If I get 15 feed items, now I have to execute an additional 15 requests to Redis to find out, for each feed item if current user has commented on it or not (by checking if id exists in each set for each feed).
So that will take 15+1 requests.
Is this type of querying considered 'normal' when using Redis? Are there better ways I can structure the data to avoid this many requests?
I am using redis-rb gem.
You can easily refactor your code to collapse the 15 requests in one by using pipelines (which redis-rb supports).
You get the ids from the sorted sets with the first request and then you use them to get the many keys you need based on those results (using the pipeline)

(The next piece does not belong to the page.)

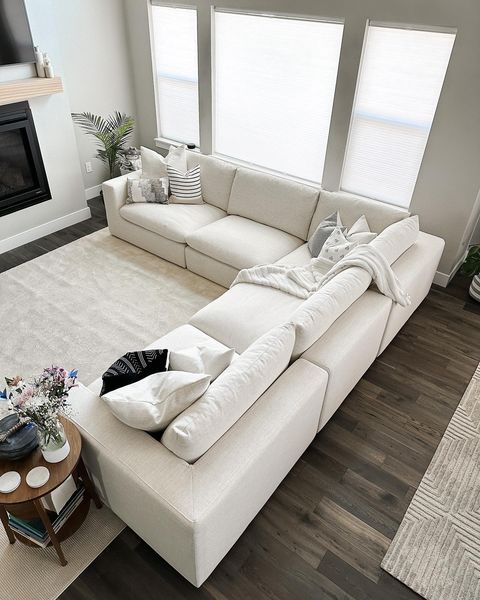 Gracie Home Design + Lifestyle ad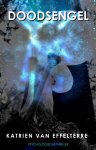 Katrien Van Effelterre - Doodsengel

With this approach you should have 2 requests in total instead of 16 and keep your code quite simple.
As an alternative you can use a lua script and fetch everything in one request.
This kind of database (Non-relational database), you have to make a trade-off between multiple requests and include some data redundancy.
You should analyze each case separately and consider some aspects, like:
How frequently this data will be accessed?
How much space this redundancy will consume?
How many requests I will have to do, in order to have all data, without redundancy?
Performance is an issue?
In your case, I would suggest to keep a Set/Hash or just a JSON encoded data for each user with a historical of all recent user interaction, such as comments, likes, etc. Every time the user access the feeds you just have to read the feeds and the historical; only two requests.
One thing to keep in mind, every user interaction, you must update all redundant data as well.